Microsoft to launch YouTube competitor


11 Jun 2007

Microsoft is working with other companies to develop a YouTube-like video-sharing site, siliconrepublic.com has learned.

Speaking at the Irish Microsoft Technology conference, organised by IrishDev.com, Tim Sneath, group manager for the Silverlight developer team at Microsoft, said: “We’ve tried to take it to a different level; we want to enable scenarios like delivering 720p broadcast-quality video over the internet.”

Silverlight is a lightweight, cross platform, cross-browser, runtime for creating differentiated web experiences, or as Sneath said, for merging the new wave of rich internet applications (RIAs).

Silverlight means “being able to do the kind of things that would typically live outside the internet before using these modern technologies”, said Sneath.

Although compared to Adobe’s Flash when it was released in April, Sneath said: “We don’t see the market in terms of Silverlight versus Flash. This is about much more than that element to it.”

Whereas Flash is used mostly for banner ads, graphics, or basic videos, Silverlight is designed in a number of ways to be a mode of distributing content, said Sneath,

“We’ve tried to take it to a different level; we want to enable scenarios like delivering 720p quality, broadcast quality video over the internet,” he said.

Silverlight, due to its ability to deliver low-bandwidth consumption content with high resolution, is ideal for showcasing TV-quality streaming video. Microsoft is currently talking with various media companies on how to use this. Sneath said that BBC and CBS have already used Silverlight for their next-generation web portals.

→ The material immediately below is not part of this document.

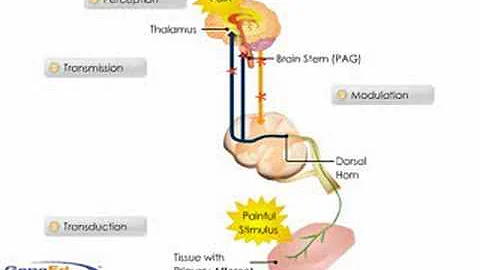 Pain Perception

“We’re working with large number of different partners, going after firms with large number of unique visitors a month, trying to figure out how to work with companies that want to deliver these rich internet experiences to their customers and have them take this technology and move it forward,” said Sneath.

Silverlight, he added, is also ideal for developing revenue-generating content through online advertising, where banner ads are no longer the order of the day. Non-intrusive, transparent ads can be seamlessly integrated into rich media content without disturbing the viewer through Silverlight technology, he claimed.

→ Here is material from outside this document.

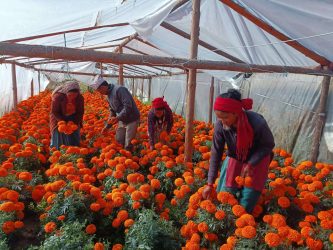 फूल बेचेर नै राम्रो आम्दानी गर्दै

Silverlight has been well received among the web developer community in Ireland, with Sneath’s talks drawing a large crowd at the conference held in Cineworld on Thursday.

One of the demonstrations to showcase the power of Silverlight for RIAs involved a jigsaw puzzle made up of 70 different pieces of live video that could be manipulated and moved around.

“We’ve been overwhelmed with interest in Silverlight. Out of the 400 developers here today, about 300 were listening to the Silverlight presentation. What’s very attractive to people is just the power of what it can do,” Sneath said.